Overview
- Manufacturer: Daihatsu
- Also called: Ultra Fuel Economy
- Production: 2005 (Concept car)

Body and chassis
- Class: Kei car
- Body style: 1-door hatchback
- Layout: FF layout
- Doors: Canopy

Powertrain
- Engine: 660cc Atkinson I3 (hybrid gasoline / electric);
- Electric motor: 2
- Battery: 1 × nickel–metal hydride

Dimensions
- Length: 3,395 mm (133.7 in)
- Width: 1,475 mm (58.1 in)
- Height: 1,200 mm (47.2 in)
- Kerb weight: 440 kg (970 lb)

Chronology
- Predecessor: UFE-II (2003)

= Daihatsu UFE-III =

The UFE-III (Ultra Fuel Economy-third generation) is a mini-hybrid concept car being developed by Daihatsu. The vehicle can transport three people (one driver, and two passengers in the rear).
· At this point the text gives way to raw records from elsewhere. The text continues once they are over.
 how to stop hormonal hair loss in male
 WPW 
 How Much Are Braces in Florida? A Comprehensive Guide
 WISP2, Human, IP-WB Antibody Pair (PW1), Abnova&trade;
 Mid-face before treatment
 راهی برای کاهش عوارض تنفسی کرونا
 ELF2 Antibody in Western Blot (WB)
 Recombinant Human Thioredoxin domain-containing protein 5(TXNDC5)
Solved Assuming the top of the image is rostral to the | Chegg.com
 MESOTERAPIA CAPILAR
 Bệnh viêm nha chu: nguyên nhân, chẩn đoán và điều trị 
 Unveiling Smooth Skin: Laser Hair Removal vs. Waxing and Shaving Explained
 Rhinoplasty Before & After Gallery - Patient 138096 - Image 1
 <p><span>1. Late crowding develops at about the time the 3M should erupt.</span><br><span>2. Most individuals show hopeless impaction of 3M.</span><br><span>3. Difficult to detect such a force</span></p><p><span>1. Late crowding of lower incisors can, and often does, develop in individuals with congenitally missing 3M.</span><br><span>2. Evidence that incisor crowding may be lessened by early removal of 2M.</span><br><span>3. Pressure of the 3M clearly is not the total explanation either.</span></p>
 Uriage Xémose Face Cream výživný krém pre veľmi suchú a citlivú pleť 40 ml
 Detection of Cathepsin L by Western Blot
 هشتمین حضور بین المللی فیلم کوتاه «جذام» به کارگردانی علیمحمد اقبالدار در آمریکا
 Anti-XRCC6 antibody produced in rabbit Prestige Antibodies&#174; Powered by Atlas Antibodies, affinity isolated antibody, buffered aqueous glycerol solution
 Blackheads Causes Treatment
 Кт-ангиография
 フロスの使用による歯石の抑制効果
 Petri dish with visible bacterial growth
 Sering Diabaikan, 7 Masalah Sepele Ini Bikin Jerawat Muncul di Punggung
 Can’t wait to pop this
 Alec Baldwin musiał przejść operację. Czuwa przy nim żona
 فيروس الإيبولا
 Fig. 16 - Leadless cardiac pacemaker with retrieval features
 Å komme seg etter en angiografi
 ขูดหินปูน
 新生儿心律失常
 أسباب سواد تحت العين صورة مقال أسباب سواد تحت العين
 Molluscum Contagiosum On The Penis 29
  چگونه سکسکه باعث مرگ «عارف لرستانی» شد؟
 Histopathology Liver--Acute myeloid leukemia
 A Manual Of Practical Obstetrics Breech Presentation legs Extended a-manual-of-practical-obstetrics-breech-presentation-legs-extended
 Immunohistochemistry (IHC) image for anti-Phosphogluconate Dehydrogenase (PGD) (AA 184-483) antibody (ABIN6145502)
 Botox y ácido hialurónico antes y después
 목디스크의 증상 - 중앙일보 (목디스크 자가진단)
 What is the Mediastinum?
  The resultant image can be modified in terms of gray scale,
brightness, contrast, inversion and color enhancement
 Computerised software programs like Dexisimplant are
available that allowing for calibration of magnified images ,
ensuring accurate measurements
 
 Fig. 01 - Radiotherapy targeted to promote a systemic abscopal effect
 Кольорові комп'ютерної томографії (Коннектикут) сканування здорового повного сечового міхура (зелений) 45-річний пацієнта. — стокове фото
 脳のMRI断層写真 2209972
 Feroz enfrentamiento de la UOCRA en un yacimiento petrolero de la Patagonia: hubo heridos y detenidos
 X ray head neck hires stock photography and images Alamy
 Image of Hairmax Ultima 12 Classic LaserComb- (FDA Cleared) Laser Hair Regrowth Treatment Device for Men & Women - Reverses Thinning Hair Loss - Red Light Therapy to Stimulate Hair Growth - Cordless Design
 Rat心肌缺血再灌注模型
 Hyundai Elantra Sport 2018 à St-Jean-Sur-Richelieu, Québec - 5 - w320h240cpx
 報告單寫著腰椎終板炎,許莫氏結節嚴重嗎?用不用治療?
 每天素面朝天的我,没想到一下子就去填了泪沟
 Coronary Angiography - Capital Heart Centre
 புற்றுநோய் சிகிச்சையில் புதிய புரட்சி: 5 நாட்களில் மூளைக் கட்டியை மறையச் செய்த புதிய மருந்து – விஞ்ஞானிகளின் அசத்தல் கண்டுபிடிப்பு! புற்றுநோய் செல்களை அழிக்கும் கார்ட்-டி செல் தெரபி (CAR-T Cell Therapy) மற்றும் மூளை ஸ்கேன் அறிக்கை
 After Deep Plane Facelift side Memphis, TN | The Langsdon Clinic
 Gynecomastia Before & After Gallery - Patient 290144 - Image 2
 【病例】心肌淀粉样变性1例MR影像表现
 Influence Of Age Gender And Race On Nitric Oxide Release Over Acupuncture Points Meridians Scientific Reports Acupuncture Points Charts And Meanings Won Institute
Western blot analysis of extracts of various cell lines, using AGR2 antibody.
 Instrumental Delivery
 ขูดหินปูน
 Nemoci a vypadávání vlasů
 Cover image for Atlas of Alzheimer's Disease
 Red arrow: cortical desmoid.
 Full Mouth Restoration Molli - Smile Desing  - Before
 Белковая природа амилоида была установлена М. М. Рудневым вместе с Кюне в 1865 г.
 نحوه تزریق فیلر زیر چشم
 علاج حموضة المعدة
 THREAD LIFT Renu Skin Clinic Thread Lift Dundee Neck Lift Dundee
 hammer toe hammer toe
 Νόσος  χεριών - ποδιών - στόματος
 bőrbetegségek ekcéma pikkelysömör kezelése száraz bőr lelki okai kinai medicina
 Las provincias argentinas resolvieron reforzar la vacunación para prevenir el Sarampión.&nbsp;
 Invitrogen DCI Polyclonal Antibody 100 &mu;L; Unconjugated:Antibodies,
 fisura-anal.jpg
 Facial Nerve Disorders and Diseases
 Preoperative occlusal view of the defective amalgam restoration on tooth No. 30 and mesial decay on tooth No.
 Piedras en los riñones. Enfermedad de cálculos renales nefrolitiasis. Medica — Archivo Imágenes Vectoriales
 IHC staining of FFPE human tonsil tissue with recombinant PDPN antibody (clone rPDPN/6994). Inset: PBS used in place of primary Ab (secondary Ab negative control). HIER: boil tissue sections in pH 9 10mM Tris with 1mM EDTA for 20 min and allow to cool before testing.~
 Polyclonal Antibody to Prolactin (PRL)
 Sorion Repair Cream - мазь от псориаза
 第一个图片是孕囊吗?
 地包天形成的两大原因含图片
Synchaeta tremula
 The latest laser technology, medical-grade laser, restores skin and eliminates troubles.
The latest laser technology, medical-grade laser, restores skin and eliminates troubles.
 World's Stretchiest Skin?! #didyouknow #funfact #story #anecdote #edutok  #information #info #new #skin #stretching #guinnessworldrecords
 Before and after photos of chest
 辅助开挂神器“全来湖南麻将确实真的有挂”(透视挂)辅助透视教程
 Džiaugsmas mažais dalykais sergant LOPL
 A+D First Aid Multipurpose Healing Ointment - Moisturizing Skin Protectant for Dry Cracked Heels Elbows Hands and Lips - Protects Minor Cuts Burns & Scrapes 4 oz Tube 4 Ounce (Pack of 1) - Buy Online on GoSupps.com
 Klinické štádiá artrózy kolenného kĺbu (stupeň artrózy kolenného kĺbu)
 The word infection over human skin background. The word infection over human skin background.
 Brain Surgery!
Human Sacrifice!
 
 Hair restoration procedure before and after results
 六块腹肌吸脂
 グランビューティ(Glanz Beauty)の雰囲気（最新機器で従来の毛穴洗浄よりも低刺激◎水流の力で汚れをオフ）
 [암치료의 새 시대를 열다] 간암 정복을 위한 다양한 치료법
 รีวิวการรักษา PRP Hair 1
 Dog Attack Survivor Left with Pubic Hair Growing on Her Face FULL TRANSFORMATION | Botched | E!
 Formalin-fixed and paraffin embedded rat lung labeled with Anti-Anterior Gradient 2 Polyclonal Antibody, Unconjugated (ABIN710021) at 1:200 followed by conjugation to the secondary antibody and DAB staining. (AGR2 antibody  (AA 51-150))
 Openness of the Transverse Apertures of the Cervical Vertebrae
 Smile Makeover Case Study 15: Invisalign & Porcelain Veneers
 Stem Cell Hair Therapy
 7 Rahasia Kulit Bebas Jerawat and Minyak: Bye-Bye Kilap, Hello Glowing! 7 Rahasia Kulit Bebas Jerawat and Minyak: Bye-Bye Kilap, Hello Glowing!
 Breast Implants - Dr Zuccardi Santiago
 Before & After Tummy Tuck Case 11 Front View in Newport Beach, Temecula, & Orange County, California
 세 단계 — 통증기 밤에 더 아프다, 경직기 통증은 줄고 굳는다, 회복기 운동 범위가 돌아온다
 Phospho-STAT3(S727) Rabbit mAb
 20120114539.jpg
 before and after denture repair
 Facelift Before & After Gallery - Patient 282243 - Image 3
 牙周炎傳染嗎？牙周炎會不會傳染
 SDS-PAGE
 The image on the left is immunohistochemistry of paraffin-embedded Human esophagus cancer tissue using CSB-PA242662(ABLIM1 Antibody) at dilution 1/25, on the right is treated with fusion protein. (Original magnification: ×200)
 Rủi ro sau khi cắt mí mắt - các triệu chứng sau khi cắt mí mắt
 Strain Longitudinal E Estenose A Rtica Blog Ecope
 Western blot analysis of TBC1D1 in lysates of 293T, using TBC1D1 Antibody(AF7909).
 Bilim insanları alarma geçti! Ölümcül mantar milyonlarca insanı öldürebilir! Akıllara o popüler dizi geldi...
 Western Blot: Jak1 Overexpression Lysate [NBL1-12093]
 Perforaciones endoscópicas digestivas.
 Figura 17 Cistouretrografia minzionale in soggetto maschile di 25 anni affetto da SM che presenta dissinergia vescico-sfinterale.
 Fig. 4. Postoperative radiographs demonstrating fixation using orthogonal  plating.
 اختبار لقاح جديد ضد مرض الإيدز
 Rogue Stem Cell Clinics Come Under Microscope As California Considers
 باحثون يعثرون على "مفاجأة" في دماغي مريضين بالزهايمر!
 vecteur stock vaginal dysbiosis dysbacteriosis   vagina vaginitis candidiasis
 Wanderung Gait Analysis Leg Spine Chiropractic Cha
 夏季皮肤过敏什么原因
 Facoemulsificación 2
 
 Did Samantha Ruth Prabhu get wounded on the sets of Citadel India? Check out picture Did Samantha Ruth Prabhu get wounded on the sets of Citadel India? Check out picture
The hybrid system comprises a 660-cubic centimeter direct-injection gasoline engine, two motors, and a nickel–metal hydride battery. Daihatsu estimates the UFE-III's fuel economy at 72 km/L. The body is in polymer and ultra-light aluminum with a canopy door and pointed LED headlamps. The UFE-III has an aerodynamic drag coefficient (Cd) of 0.168 and is controlled by steer-by-wire technology. Third generation of the "Ultra Fuel Economy" UFE, it was first shown in October 2005 at the Tokyo Motor Show.